─── Extracted material

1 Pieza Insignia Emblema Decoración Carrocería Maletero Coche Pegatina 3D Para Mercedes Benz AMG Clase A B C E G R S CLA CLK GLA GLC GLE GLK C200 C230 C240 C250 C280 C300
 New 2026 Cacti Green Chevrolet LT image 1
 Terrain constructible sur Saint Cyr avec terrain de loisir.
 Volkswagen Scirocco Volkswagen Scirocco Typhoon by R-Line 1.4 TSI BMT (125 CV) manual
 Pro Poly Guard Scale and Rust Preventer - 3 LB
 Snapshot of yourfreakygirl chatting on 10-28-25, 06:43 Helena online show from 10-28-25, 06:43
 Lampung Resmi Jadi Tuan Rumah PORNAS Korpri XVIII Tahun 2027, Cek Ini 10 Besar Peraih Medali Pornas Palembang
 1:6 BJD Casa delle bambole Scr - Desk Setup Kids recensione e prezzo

──────

- The problem:
All of the records above should be repeated exactly.

- Answer to this exercise:
1 Pieza Insignia Emblema Decoración Carrocería Maletero Coche Pegatina 3D Para Mercedes Benz AMG Clase A B C E G R S CLA CLK GLA GLC GLE GLK C200 C230 C240 C250 C280 C300
 New 2026 Cacti Green Chevrolet LT image 1
 Terrain constructible sur Saint Cyr avec terrain de loisir.
 Volkswagen Scirocco Volkswagen Scirocco Typhoon by R-Line 1.4 TSI BMT (125 CV) manual
 Pro Poly Guard Scale and Rust Preventer - 3 LB
 Snapshot of yourfreakygirl chatting on 10-28-25, 06:43 Helena online show from 10-28-25, 06:43
 Lampung Resmi Jadi Tuan Rumah PORNAS Korpri XVIII Tahun 2027, Cek Ini 10 Besar Peraih Medali Pornas Palembang
 1:6 BJD Casa delle bambole Scr - Desk Setup Kids recensione e prezzo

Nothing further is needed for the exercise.